Lacombe Lucien, lui, n’a rien d’un idéologue. Il est profondément inculte. Il ne sait pas ce qu’est un franc-maçon et pas davantage un “bolchevik”, un socialiste ou un gaulliste. Il sait que le champagne qu’il amène chez Horn fait tourner les têtes. Il le sert tiède et sans répit, dans ce but. Sa personnalité s’apparente à celle d’une partie non négligeable de la population d’aujourd’hui. Nous pourrions parler à son sujet d’une organisation limite de la personnalité, immature, “perverse narcissique”, pulsionnelle et agressive, avec une composante antisociale, une absence d’affects élaborés, tels que la culpabilité. Il va plaire pourtant à France, pianiste sensible, qui en a “marre d’être une juive!” Lucien n’est pas pour autant un monstre. Comme l’avoue Horn qui “n’arrive pas à le détester complètement”, il n’y a pas que du mauvais en lui. Il a manqué, comme beaucoup, de soins, d’écoute, de parole et d’éthique incarnée. Ce n’est pas la procession catholique du début de l’histoire et ce genre de rituels qui pouvaient lui ouvrir l’esprit. Lucien aime confusément France, malgré ses limites. Il apporte un soutien physique à la grand-mère de cette dernière, quand le trio tente de s’enfuir vers l’Espagne. Il reprend Albert Horn quand ce dernier traite sa fille de putain. Lucien a des moments de silence. On peut imaginer qu’il essaie de mettre de l’ordre dans la confusion de ses idées et de ses émotions.

Lucien appartient à un monde dominé par l’argent, le matériel et l’absence d’égards pour les animaux.
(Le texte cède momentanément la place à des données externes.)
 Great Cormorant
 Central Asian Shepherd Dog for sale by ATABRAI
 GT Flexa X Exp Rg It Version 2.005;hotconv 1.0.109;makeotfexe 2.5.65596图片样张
Une scène du début voit les paysans charger sur une carriole un cheval mort, gueule ouverte et dents exhibées, vers l’équarissage. Rien ne peut sortir de bon de cette ambiance dominée par la violence et la haine de l’autre – masque de la haine de soi – miroir inversé de la prescription chrétienne : “Aime ton prochain comme toi-même.”

La population n’est pas uniquement composée de médiocres prêts à rallier un camp parce que l’autre camp ne veut pas d’eux, parce qu’ils ne trouvent pas leur place, qu’ils se sentent jugés et “en trop”. Il a existé et il existe dans les périodes troublées, des personnes sans idéologie catégorisée, qui savent dire concrètement non à l’inacceptable, par intuition sensible et parce qu’elles ont intériorisé une éthique dépassionnée.

Cette histoire devrait nous faire réfléchir, en nous aidant à évaluer l’ampleur des dégâts au sein d’une société qui accepte, depuis longtemps, de s’autodétruire. Qui peut nier que les addictions participent activement et massivement à ce phénomène?